**Exercise aim**. When you reach the line that contains "BTM 子供用三輪車 折りたたみ 三輪車 カバー ベビーカー", begin copying exactly and continue through the last line below. Do not copy pictures.

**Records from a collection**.
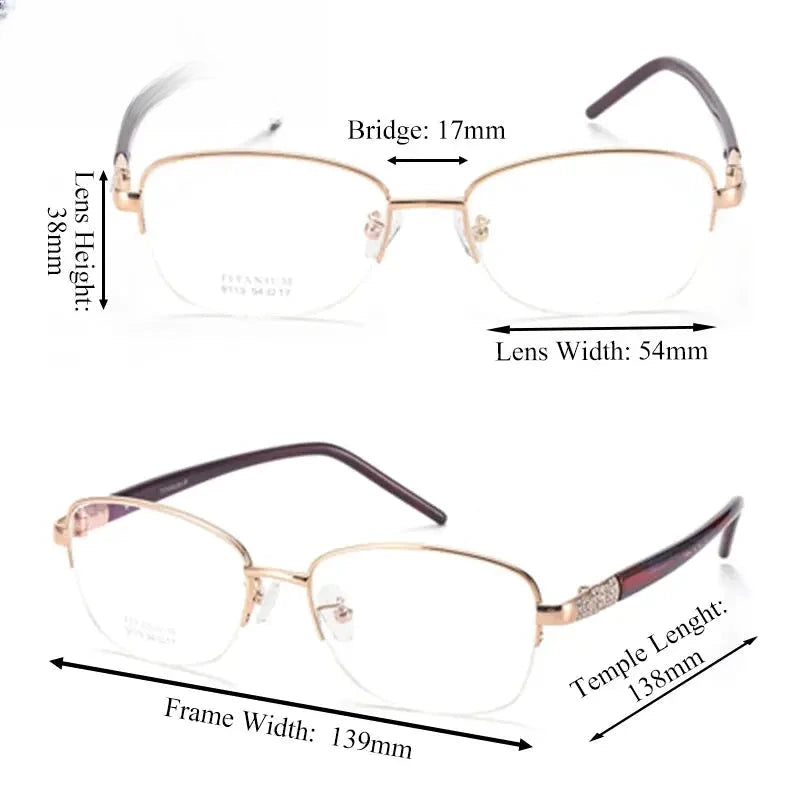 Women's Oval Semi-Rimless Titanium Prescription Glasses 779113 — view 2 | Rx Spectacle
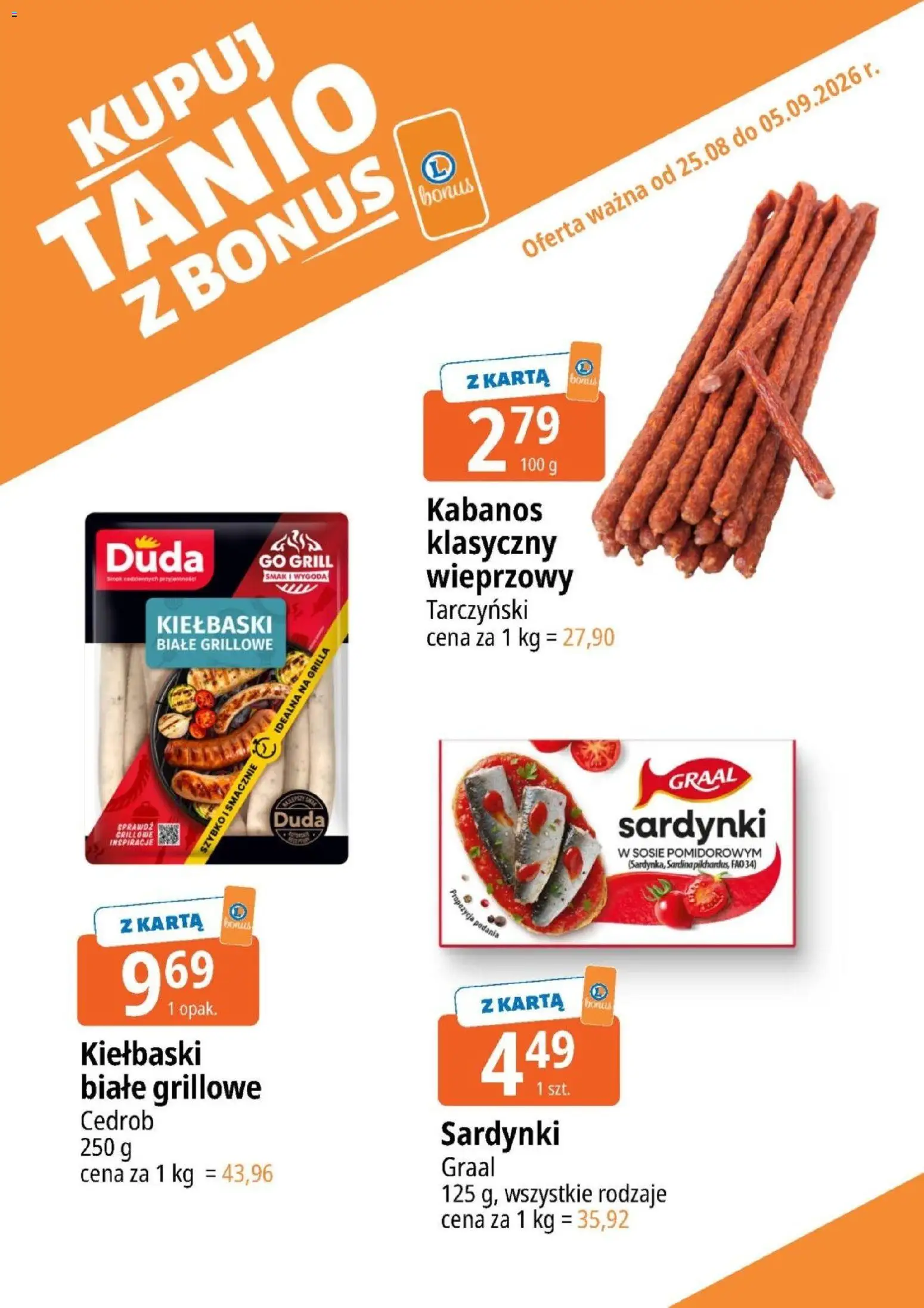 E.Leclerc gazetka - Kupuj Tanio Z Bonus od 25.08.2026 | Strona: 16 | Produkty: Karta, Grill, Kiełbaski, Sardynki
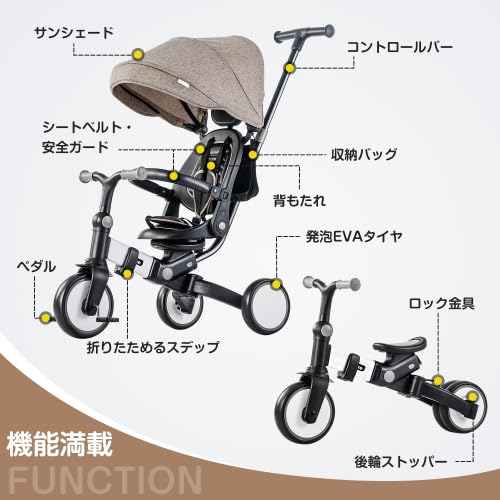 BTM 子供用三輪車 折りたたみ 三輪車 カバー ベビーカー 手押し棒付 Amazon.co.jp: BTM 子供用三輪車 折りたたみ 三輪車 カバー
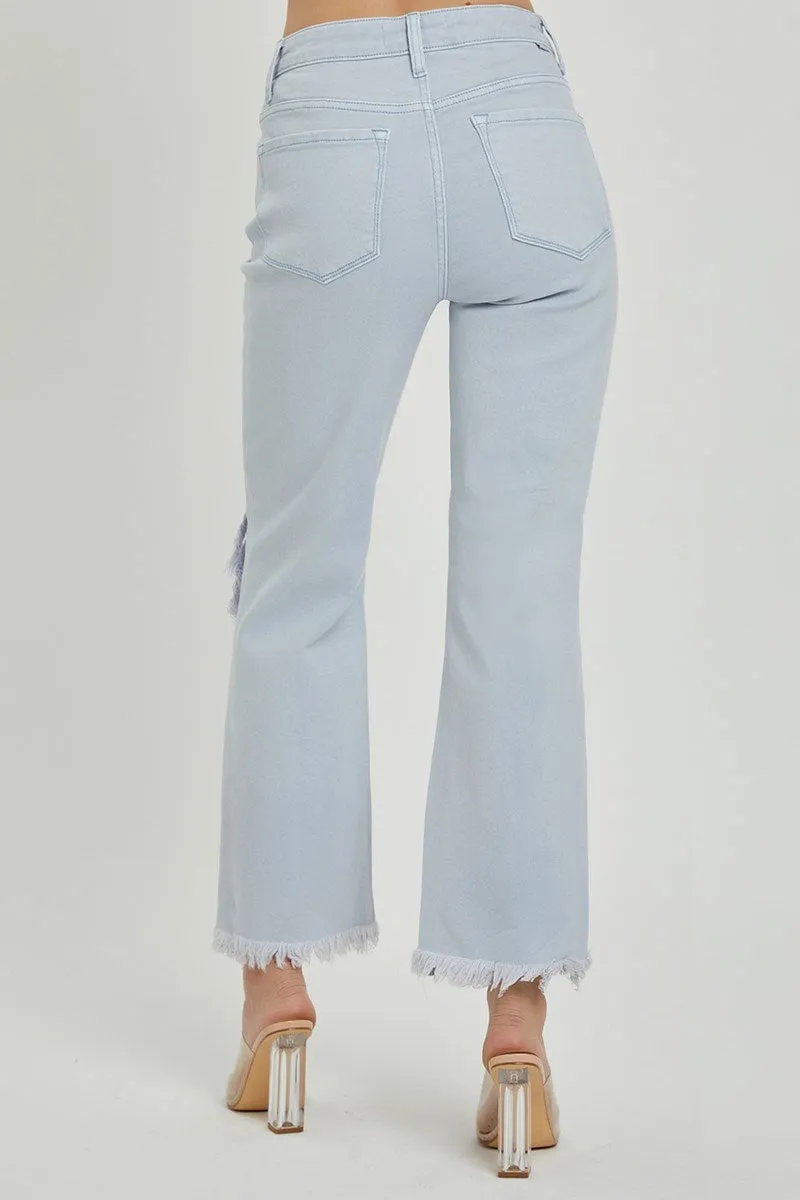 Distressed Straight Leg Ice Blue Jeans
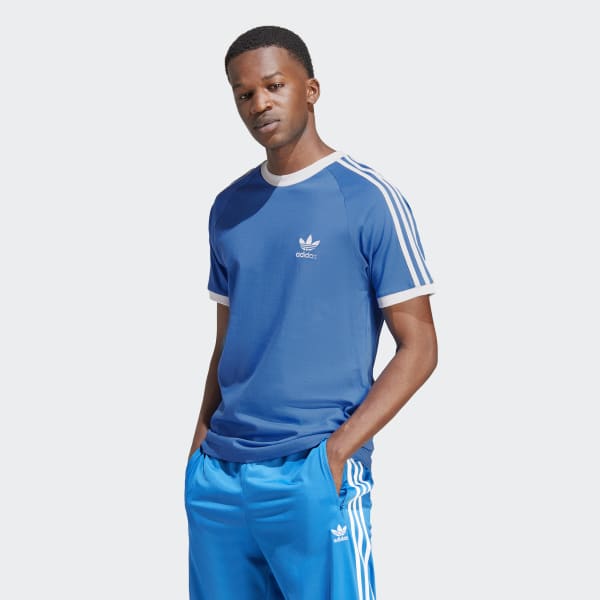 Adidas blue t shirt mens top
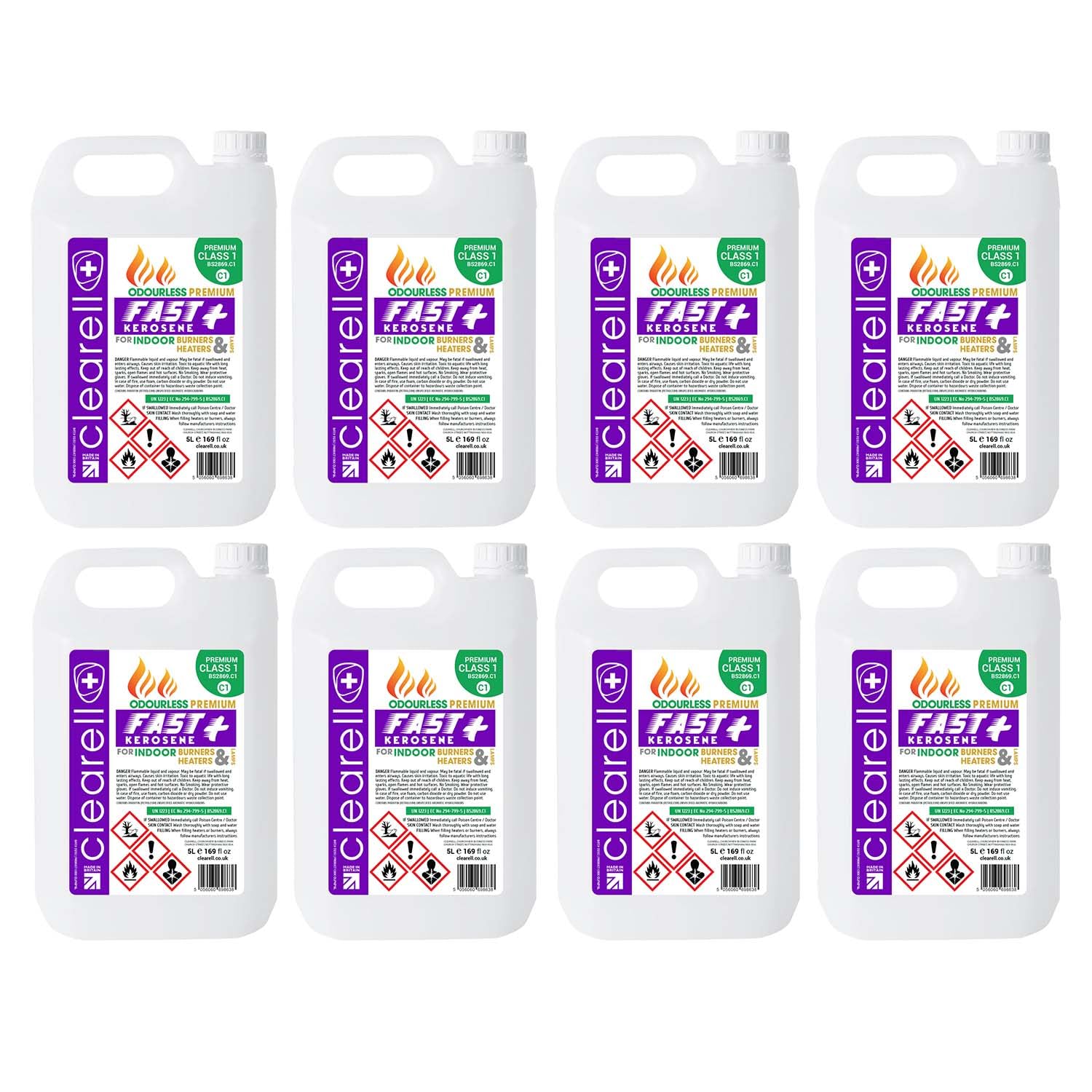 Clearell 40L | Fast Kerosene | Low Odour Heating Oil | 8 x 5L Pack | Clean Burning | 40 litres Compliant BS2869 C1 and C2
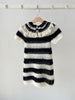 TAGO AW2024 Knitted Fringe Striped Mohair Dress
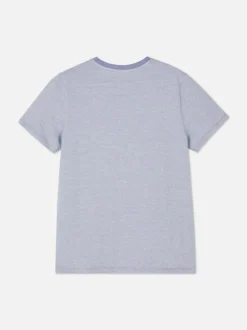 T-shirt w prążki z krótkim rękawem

**Output of the exercise**.
 BTM 子供用三輪車 折りたたみ 三輪車 カバー ベビーカー 手押し棒付 Amazon.co.jp: BTM 子供用三輪車 折りたたみ 三輪車 カバー
 Distressed Straight Leg Ice Blue Jeans
 Adidas blue t shirt mens top
 Clearell 40L | Fast Kerosene | Low Odour Heating Oil | 8 x 5L Pack | Clean Burning | 40 litres Compliant BS2869 C1 and C2
 TAGO AW2024 Knitted Fringe Striped Mohair Dress
 T-shirt w prążki z krótkim rękawem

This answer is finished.